Key Eclectic principles at this age
Create a safe space for unrestricted movement — babies learn more from free exploration than from containers or activity centers
Introduce real food as a sensory and cultural experience, not just a nutritional checkbox
Say 'yes' more than 'no' by baby-proofing thoroughly so you don't have to constantly redirect
Support emerging independence — let them struggle briefly with a toy before helping, let them try to feed themselves even when it's messy
Read the same books repeatedly when your baby requests it — repetition is how they build language patterns
A typical Eclectic day
Eclectic activities for Infant (6-9 Months)

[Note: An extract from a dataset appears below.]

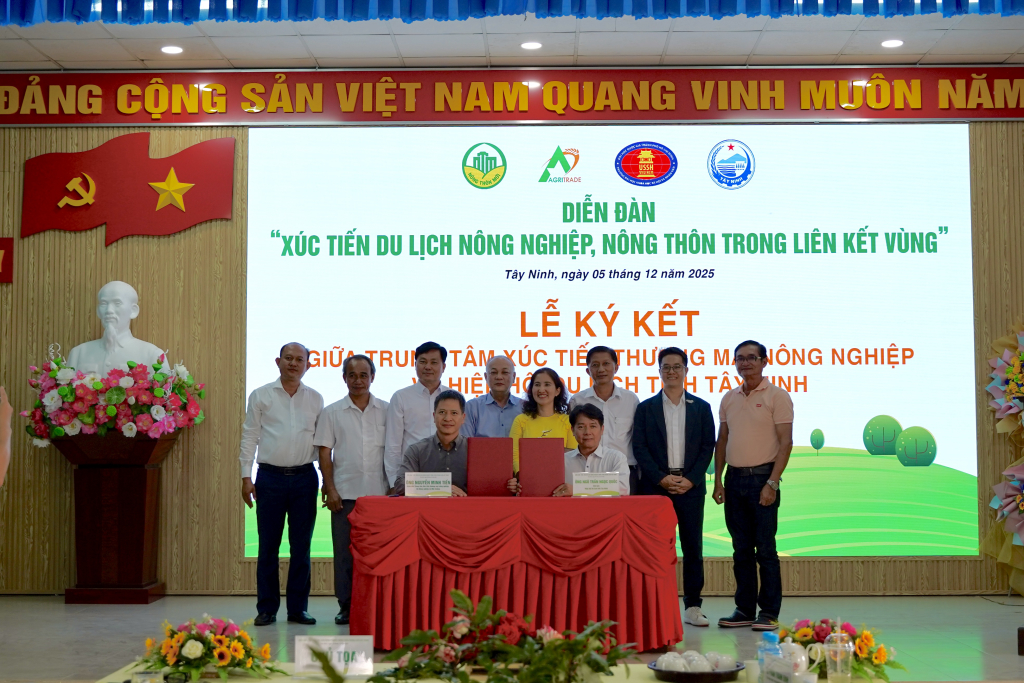 Lễ ký kết giữa Trung tâm Xúc tiến thương mại nông nghiệp, Hiệp hội du lịch ĐBSCL và Hiệp hội du lịch tỉnh Tây Ninh - Ảnh: KHÁNH MY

Object permanence games — hide a toy under a cloth and let baby 'find' it, building early cognitive concepts
Crawling obstacle courses — use couch cushions and pillows to create gentle terrain for climbing and crawling over
Self-feeding practice — offer soft finger foods on a low table or high chair tray and let baby explore texture and taste
Container play — provide baskets, boxes, and cups for putting things in and dumping them out repeatedly
Water play — supervised splashing in a shallow bin with cups and spoons during warm weather or bath time
Book basket — keep a low basket of board books accessible so baby can choose, hold, and 'read' independently
Parent guidance
Why Eclectic works at this age
- Baby's clear preferences make it easier to choose which approaches to pull from
- Physical milestones are happening fast, providing natural 'wins' that build your confidence as an educator
- The eclectic approach prevents you from forcing a baby who wants to climb into sitting still for flashcards
- You can borrow freely from baby-led weaning, Montessori practical life, RIE caregiving, and sensory play traditions
Limitations to consider
- Baby-proofing demands increase as mobility explodes — you'll spend more time on safety than on 'education'
- It's hard to do structured activities with a baby who wants to crawl away and explore on their own terms
- Sleep regressions and teething can derail any plans you've made
- The gap between what you'd like to offer and what your mobile baby will actually sit still for can be frustrating
Frequently asked questions
My baby won't sit still for reading or activities. Should I be worried?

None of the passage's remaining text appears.